Process control is extensively used throughout industry to enable mass production and control of continuous processes such as oil refining, paper manufacturing, chemical production, food processing and power generation. Process control allows the automation of these complex processes to be remotely monitored by a small staff of operating personnel.
Typically in a large distributed system such as the Substation Monitoring and Control System shown above, a Master Data Centre will monitor and control systems operating in a number of remote stations--often located miles away. For many years Serial Communications has been used to control and collect data from equipment via embedded or host computer systems. The traditional way to configure these systems is to run long, bulky, shielded serial (RS-232 or RS-485) cables between multiple Remote Terminal Units (RTUs) and a local host PC at the substation. The RTUs process sensor inputs and transmit that information to the local PC. That PC is then connected via phone line or radio tower to the Master Data Centre. The result is a system that transmits data and enables remote monitoring, but does not enable the RTU itself to be remotely controlled.

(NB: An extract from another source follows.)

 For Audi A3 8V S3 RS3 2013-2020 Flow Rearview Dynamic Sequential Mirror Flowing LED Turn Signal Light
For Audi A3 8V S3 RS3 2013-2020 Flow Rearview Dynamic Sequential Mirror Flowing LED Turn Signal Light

Network-enabling the process control system leverages the serial equipment currently in place, significantly reduces the cost of deploying additional RTUs (because Ethernet cable can be run for about one tenth the cost of shielded serial cable), and will allow remote access and control of each RTU from any PC or server on the network, regardless of operating system. Further, the device server can also be connected to other monitoring equipment such as energy meters, which can then also be remotely monitored and controlled.

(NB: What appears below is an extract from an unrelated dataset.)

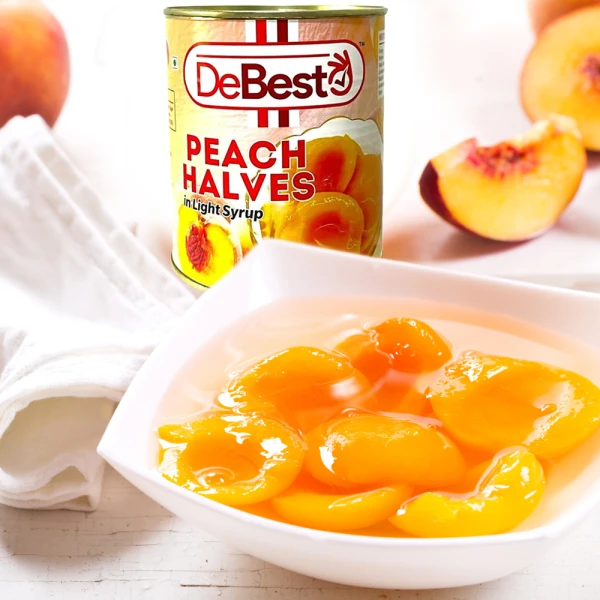 De Besto Yellow Cling Peach Halves 850g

Device servers offer the additional versatility of being invisible to software applications. Thus they are compatible with all industrial protocols, because they function simply as pass-through devices. The device server does not interpret proprietary signals, it simply encapsulates any RS-232/422/485 serial signal in a TCP/IP packet, transports it over Ethernet, then strips away the TCP/IP information, leaving the PC or server to interpret the serial data using any supported language or protocols. This means a single device server can be used with any combination of equipment using any number of different protocols.